As I finished up my dissertation, I became convinced that ultimate solution to interrelated problems requires an ethical framework and accountability on the part of global power brokers. And although economics has its roots in moral philosophy, it did not provide or even acknowledge such a framework. The kind of personal ethical engagement I wanted with my field seemed impossible.

I returned to the source of my inspiration to go into development work in the first place: my religion, Unitarian Universalism. Initially I justified my move from Davis to Berkeley, unfinished dissertation in hand, by saying that in order to do more development work, I would need a chaplain. No chaplain being present, I would have to take on the role myself. I relaxed into dormitory life among seminarians and immersed myself in spiritual practice, and was able, finally, to finish my writing and simulations and submit my research. The chaplains around me, and the one I was cultivating in my own heart, helped me discern that I was not called to international development research, but rather faith-rooted community organizing. I set my sights on becoming a Unitarian Universalist minister. Today I am about a year away from fellowship with the UU Association, and then ordination.

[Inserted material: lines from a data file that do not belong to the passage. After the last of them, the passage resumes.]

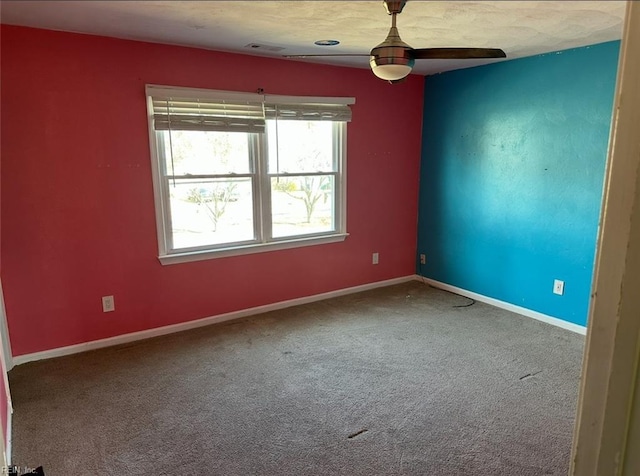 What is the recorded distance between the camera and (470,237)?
4523 millimetres

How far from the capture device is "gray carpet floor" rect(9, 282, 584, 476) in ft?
7.13

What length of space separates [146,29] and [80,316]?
2146 mm

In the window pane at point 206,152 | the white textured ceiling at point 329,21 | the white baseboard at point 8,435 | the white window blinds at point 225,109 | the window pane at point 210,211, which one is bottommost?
the white baseboard at point 8,435

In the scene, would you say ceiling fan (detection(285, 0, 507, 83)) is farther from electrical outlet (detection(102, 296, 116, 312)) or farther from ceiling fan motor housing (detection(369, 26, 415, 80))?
electrical outlet (detection(102, 296, 116, 312))

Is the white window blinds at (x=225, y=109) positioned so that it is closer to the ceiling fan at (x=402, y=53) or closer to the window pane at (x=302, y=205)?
the window pane at (x=302, y=205)

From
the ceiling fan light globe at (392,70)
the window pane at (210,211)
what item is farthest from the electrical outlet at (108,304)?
the ceiling fan light globe at (392,70)

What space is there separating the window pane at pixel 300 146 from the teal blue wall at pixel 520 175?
1.27m

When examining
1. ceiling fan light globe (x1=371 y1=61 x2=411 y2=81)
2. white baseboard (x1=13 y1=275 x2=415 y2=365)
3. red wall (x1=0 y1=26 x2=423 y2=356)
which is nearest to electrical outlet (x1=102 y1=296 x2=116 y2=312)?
red wall (x1=0 y1=26 x2=423 y2=356)

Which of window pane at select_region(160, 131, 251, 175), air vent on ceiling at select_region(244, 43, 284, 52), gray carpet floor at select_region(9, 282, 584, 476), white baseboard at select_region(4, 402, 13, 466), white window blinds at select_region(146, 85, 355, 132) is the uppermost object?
air vent on ceiling at select_region(244, 43, 284, 52)

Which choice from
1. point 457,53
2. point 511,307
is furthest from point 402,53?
point 511,307

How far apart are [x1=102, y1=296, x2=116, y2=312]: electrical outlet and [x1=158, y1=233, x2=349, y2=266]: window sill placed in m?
0.48

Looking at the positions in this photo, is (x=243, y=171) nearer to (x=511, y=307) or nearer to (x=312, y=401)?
(x=312, y=401)

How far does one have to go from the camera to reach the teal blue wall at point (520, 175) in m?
3.45

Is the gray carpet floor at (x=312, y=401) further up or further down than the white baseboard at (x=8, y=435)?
further down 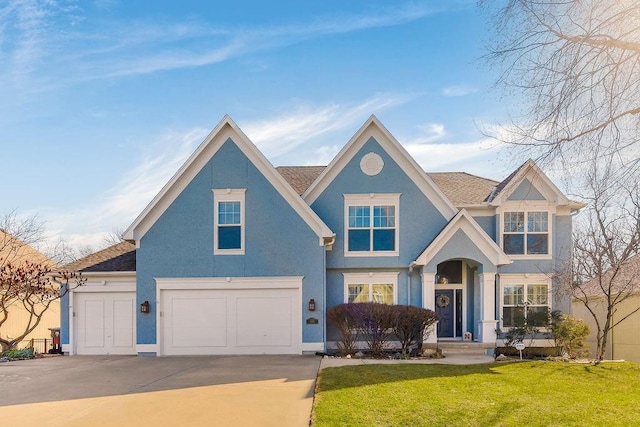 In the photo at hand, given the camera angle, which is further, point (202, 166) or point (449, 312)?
point (449, 312)

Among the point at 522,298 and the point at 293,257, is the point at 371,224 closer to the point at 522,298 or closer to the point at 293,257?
the point at 293,257

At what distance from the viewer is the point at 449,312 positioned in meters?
17.5

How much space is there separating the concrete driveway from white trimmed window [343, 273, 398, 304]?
3478 millimetres

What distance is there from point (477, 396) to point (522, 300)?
9.72 meters

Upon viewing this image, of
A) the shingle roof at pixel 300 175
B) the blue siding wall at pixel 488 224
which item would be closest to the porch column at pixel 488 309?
the blue siding wall at pixel 488 224

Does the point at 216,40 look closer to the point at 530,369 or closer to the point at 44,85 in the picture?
the point at 44,85

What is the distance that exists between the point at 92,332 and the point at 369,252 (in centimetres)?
983

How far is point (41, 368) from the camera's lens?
13039mm

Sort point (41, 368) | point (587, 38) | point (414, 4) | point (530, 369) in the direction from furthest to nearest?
Result: point (41, 368)
point (530, 369)
point (414, 4)
point (587, 38)

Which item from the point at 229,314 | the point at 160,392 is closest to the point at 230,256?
the point at 229,314

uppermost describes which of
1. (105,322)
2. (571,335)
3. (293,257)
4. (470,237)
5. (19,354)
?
(470,237)

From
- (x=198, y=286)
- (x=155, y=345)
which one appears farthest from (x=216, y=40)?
(x=155, y=345)

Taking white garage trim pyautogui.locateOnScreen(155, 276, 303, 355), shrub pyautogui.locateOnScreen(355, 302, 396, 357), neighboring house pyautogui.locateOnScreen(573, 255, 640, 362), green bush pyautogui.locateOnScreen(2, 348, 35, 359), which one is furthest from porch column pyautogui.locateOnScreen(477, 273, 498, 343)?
green bush pyautogui.locateOnScreen(2, 348, 35, 359)

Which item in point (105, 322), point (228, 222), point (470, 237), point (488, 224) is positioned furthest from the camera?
point (488, 224) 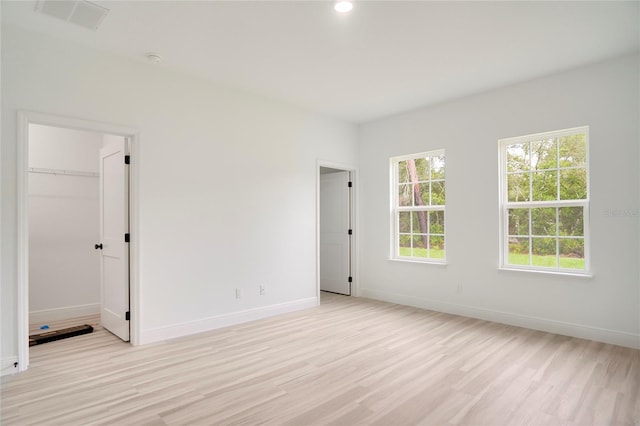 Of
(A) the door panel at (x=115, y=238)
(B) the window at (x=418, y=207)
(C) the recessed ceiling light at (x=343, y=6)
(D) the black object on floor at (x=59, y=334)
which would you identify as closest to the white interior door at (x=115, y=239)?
(A) the door panel at (x=115, y=238)

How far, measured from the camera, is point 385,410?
7.60 feet

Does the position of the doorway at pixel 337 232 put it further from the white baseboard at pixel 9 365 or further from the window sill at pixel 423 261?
the white baseboard at pixel 9 365

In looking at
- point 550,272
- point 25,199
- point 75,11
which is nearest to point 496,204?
point 550,272

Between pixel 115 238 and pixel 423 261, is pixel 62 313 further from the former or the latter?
pixel 423 261

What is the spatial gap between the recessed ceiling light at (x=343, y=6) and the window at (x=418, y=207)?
2.80 meters

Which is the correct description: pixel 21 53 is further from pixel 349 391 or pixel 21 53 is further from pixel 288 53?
pixel 349 391

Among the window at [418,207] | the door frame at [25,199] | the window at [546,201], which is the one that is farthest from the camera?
the window at [418,207]

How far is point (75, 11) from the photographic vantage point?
2721 mm

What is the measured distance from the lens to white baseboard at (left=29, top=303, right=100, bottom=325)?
14.2 feet

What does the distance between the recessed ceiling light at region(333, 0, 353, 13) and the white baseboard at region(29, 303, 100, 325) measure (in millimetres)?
4712

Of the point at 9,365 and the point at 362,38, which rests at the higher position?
the point at 362,38

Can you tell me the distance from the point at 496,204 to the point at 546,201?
52 cm

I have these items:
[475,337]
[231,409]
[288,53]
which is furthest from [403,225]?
[231,409]

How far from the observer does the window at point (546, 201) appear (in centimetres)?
386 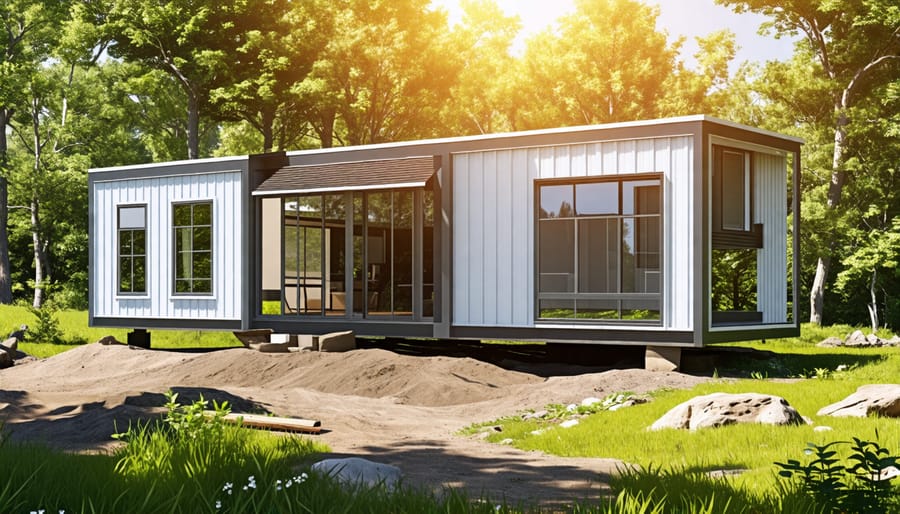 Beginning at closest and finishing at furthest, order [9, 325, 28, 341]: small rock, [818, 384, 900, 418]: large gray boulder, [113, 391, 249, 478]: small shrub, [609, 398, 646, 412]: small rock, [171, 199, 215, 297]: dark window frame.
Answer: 1. [113, 391, 249, 478]: small shrub
2. [818, 384, 900, 418]: large gray boulder
3. [609, 398, 646, 412]: small rock
4. [171, 199, 215, 297]: dark window frame
5. [9, 325, 28, 341]: small rock

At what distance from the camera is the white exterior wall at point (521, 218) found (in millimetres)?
14484

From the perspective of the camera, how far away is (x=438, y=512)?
4.91 metres

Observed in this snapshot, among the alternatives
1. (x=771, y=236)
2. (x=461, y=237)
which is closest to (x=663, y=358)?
(x=771, y=236)

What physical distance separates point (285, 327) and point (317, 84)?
14.6 m

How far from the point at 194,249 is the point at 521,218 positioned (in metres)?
6.90

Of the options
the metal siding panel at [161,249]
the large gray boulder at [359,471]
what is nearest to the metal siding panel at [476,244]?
the metal siding panel at [161,249]

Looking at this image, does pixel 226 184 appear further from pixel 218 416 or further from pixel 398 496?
pixel 398 496

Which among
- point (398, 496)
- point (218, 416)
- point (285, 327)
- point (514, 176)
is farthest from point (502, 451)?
point (285, 327)

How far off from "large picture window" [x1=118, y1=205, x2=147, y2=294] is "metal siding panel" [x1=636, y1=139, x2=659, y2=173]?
10.1 metres

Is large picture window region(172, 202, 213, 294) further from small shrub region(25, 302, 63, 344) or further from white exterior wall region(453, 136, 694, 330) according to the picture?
white exterior wall region(453, 136, 694, 330)

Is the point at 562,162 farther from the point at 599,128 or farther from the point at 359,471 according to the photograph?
the point at 359,471

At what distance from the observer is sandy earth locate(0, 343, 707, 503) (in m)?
7.57

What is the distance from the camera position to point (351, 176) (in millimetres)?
17188

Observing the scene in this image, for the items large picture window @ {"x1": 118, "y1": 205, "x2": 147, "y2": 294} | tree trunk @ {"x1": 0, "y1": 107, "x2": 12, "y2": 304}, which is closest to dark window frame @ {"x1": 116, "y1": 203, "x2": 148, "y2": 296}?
large picture window @ {"x1": 118, "y1": 205, "x2": 147, "y2": 294} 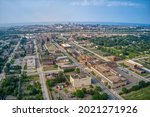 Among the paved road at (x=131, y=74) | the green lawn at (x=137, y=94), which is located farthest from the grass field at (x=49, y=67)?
the green lawn at (x=137, y=94)

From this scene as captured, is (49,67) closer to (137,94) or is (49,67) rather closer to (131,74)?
(131,74)

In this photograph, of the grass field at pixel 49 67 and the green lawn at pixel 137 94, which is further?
the grass field at pixel 49 67

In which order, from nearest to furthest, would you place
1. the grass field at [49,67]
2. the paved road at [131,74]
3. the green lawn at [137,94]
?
the green lawn at [137,94] < the paved road at [131,74] < the grass field at [49,67]

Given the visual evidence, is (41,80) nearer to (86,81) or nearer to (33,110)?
(86,81)

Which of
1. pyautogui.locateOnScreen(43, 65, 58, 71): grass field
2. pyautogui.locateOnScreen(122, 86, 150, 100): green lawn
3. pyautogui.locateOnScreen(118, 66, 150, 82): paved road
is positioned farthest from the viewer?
pyautogui.locateOnScreen(43, 65, 58, 71): grass field

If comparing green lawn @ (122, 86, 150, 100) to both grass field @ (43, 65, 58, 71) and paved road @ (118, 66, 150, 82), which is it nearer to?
paved road @ (118, 66, 150, 82)

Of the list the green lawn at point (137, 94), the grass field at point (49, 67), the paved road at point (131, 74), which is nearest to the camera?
the green lawn at point (137, 94)

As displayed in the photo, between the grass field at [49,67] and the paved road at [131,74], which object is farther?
the grass field at [49,67]

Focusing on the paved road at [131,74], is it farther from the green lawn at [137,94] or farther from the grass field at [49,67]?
the grass field at [49,67]

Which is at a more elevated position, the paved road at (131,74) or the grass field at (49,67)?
the grass field at (49,67)

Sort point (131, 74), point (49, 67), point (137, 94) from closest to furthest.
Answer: point (137, 94), point (131, 74), point (49, 67)

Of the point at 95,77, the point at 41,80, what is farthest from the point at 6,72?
the point at 95,77

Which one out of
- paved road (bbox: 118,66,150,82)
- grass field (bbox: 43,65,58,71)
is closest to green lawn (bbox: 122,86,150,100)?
paved road (bbox: 118,66,150,82)

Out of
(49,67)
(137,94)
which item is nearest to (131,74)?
(137,94) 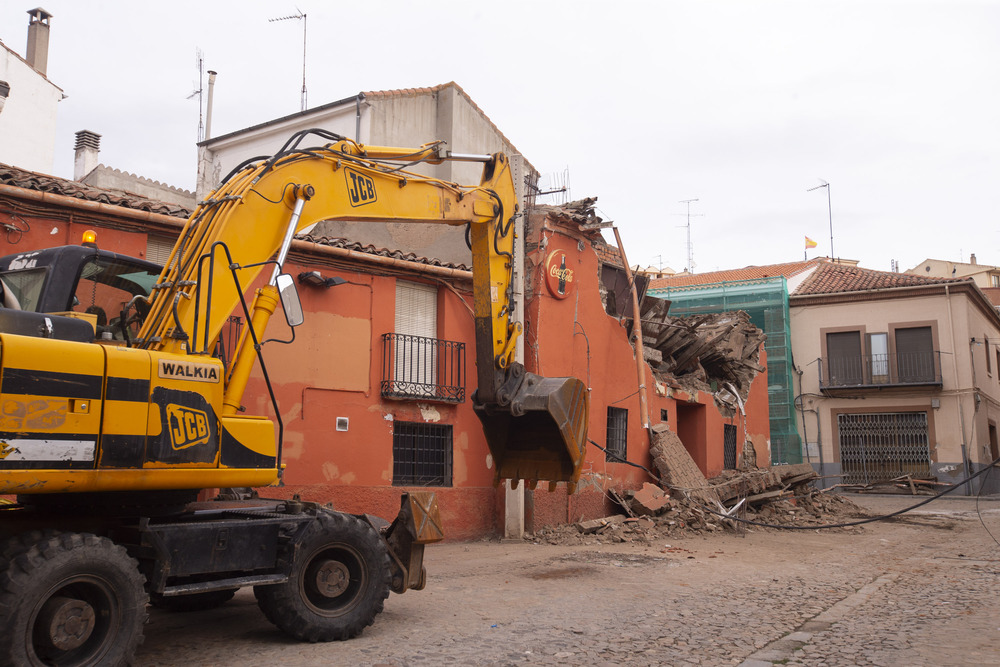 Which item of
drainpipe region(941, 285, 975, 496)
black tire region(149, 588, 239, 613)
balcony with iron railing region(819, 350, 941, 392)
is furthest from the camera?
balcony with iron railing region(819, 350, 941, 392)

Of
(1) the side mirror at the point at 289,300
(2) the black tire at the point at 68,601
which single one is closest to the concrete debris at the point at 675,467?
(1) the side mirror at the point at 289,300

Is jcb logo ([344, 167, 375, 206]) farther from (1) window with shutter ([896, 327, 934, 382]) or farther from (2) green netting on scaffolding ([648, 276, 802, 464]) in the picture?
(1) window with shutter ([896, 327, 934, 382])

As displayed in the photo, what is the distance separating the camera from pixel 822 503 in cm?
1877

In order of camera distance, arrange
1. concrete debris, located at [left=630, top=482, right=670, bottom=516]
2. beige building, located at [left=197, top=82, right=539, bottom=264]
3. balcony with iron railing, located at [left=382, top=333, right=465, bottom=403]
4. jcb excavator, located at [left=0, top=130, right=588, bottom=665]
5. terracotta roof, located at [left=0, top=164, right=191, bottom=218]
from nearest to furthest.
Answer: jcb excavator, located at [left=0, top=130, right=588, bottom=665] → terracotta roof, located at [left=0, top=164, right=191, bottom=218] → balcony with iron railing, located at [left=382, top=333, right=465, bottom=403] → concrete debris, located at [left=630, top=482, right=670, bottom=516] → beige building, located at [left=197, top=82, right=539, bottom=264]

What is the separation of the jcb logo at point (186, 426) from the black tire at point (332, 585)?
3.94 feet

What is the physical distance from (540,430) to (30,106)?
23.3 metres

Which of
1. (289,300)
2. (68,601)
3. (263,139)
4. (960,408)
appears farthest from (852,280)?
(68,601)

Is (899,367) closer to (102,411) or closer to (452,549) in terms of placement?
(452,549)

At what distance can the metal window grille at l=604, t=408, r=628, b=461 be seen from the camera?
15922 millimetres

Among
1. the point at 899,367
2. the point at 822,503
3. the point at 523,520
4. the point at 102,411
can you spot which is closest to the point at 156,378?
the point at 102,411

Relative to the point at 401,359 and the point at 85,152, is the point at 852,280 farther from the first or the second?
the point at 85,152

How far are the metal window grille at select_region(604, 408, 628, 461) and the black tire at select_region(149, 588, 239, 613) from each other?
936 cm

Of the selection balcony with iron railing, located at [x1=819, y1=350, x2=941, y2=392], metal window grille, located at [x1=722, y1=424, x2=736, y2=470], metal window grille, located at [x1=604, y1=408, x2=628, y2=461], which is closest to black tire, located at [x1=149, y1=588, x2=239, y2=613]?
metal window grille, located at [x1=604, y1=408, x2=628, y2=461]

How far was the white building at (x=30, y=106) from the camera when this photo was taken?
79.4ft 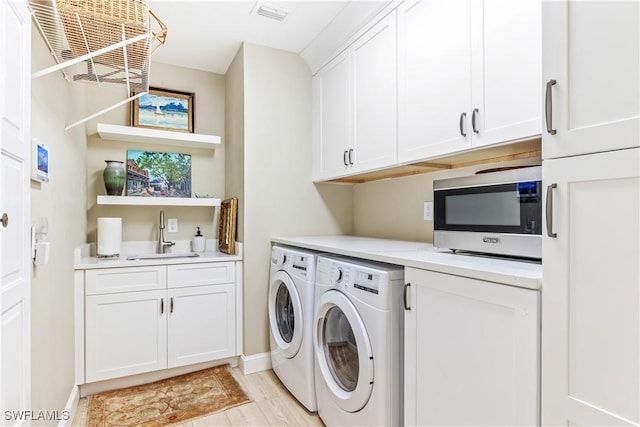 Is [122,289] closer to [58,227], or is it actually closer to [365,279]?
[58,227]

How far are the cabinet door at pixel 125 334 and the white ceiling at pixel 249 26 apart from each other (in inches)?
70.3

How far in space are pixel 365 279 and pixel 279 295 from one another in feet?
3.58

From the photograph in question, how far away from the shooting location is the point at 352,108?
2283mm

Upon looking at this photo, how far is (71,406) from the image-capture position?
6.35 ft

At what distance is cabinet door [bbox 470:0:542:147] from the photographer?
1.25 meters

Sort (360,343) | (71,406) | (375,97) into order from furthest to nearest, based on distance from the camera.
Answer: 1. (375,97)
2. (71,406)
3. (360,343)

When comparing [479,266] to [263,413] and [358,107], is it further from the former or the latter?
[263,413]

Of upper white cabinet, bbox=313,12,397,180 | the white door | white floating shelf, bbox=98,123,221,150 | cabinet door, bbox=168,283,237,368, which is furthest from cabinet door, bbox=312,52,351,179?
the white door

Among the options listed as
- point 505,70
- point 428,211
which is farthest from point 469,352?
point 428,211

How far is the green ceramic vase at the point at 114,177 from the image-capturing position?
250 cm

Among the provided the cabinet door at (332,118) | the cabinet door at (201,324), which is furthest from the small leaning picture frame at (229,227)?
the cabinet door at (332,118)

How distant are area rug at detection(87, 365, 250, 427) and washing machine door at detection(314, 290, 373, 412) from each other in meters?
0.69

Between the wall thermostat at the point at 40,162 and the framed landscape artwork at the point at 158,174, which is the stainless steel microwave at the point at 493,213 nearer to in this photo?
the wall thermostat at the point at 40,162

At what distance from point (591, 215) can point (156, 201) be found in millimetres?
2554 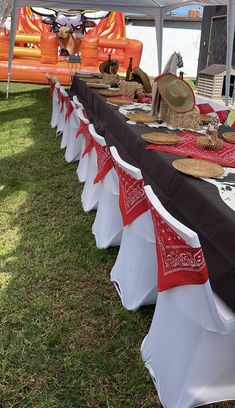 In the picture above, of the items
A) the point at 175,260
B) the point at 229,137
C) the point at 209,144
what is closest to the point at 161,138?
the point at 209,144

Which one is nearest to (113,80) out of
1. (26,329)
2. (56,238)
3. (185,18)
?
(56,238)

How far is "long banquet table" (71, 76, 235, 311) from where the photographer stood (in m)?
1.35

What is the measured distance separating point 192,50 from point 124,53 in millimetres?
5776

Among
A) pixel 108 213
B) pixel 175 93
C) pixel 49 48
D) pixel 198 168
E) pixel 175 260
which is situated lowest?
pixel 108 213

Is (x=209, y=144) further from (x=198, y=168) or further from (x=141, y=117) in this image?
(x=141, y=117)

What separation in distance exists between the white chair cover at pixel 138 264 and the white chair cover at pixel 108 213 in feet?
1.21

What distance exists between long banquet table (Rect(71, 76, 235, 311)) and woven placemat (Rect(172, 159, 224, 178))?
0.09ft

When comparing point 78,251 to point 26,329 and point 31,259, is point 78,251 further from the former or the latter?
point 26,329

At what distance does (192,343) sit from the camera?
1.26 m

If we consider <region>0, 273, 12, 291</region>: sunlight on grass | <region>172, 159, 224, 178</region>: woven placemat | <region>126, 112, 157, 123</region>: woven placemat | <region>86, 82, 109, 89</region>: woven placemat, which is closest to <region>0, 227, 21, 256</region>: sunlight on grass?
<region>0, 273, 12, 291</region>: sunlight on grass

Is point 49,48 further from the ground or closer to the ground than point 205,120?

Many people think I’ve made a strange shift, but it makes more and more sense to me as I keep going down the path. Both economics and religion use what social psychologists Sidanius and Pratto call legitimizing myths: “values, attitudes, beliefs, causal attributions, and ideologies that provide moral and intellectual justification for social practices that either increase, maintain, or decrease levels of social inequality.” These myths are not “epistemologically true or false, but rather… they appear true because enough people behave as if they are true.” And the trick is that we get to choose our myths. In the words of William R. Murray, “These are the days that have been given to us; Let us make of them stories worth telling to those who come after us.”

This blog is a place to try out the stories I hope to tell to those who come after us. One of my remaining learning goals before my interview with the Ministerial Fellowship Committee is to understand the context of the early Christian church and how it influenced theology in both helpful and unhelpful ways. Greek society, like our own, was held together by a mix of liberating and oppressive practices. The basic unit of society, the oikos, was a patriarchal institution that provided for the family and slaves of a given household. The oikos is the linguistic root of our “economy” and “ecology” and has been embraced as a metaphor for a global loving human family by Christians for two thousand years. By claiming the title of oikonomist, I am committing to dig into this metaphor and see what it offers to Unitarian Universalists and other community-minded free-thinkers today. In an era of ecological collapse and economic crisis, I am not willing to accept the ways we’ve always done things. But I am also not willing to write off the past. In the words of Unitarian theologian Henry N. Wieman, “One age cannot be separated from another, nor can one people or culture. The hope of [humanity] lies in cumulative development through history; and human good can be increased only by progressive accumulation of good through a sequence of generations.”

I am a feminist, seeking to be considered an ally by people of color, trans people, and others of the global majority. I know that much of our collective human history has been made invisible, and that non-patriarchal life-giving leadership has been suppressed. We’ve accumulated a lot of bad along with the good. Central to my task is identifying the gaps in the stories of my ancestors, spiritual and blood, and creating space for the voices of others to heal the world we’ve created.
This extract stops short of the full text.